The Necessity of Prayer :: 02

Where exactly did the time go?  I’m not sure how I got so far behind in this already!  Anyhow, on to chapter 2, “Prayer and Faith (Continued)”.

This weeks’ reading I found to be much more difficult than the previous weeks.  It is not that there was little to glean from the text, but rather that it was harder to identify the significant bits.  Part of that seemed to be due to the semi-random flow of the main points of the chapter, and some, I think, just from the general difficulty of the text itself.
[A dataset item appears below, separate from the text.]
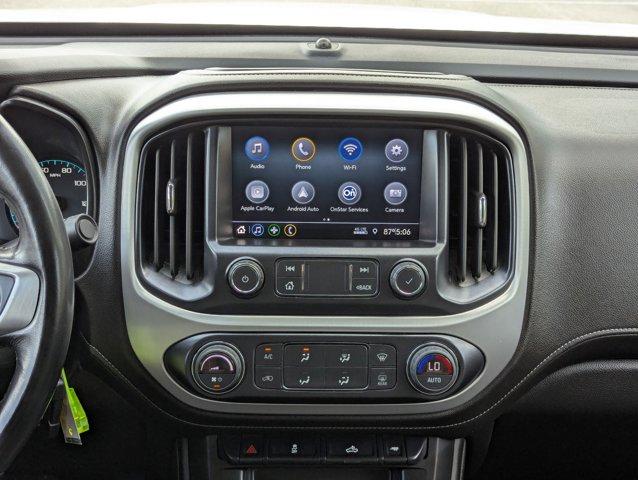 2022 GMC Canyon Vehicle Photo in San Antonio, TX 78230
The main points of this chapter were:

  • Faith and Fear & Doubt
  • Faith Clarified
  • Growing Your Faith
  • Main Purpose of Ministry
  • Prayer and Rewards

In chapter 1, I’d found that prayer is a starting point for faith.  As the week went on, and I began to apply what I’d read, I found that my own faith was growing.  In chapter 2, we read that strong faith is the root of strong praying.  We end up with a sort of chicken-or-the-egg dilemma.  To have faith, you must pray, but to pray well and strongly, you must have great faith.

How can we overcome this?  Our prayers are weak, because we do not REALLY believe.  We don’t have an expectation that God is really going to move on our behalf.  Why shouldn’t he, if our prayers are already in line with his will?

What then, of our prayers when we are out of touch with the Fathers’ will?  Allow me to suggest a few things to keep us away from that.  First, pray.  Second, pray. Third, pray.  When you pray, ask God for more faith.  Ask the Holy Spirit to impress divine thoughts on your heart.  Ask to be drawn closer to Him.  But, most of all, just pray.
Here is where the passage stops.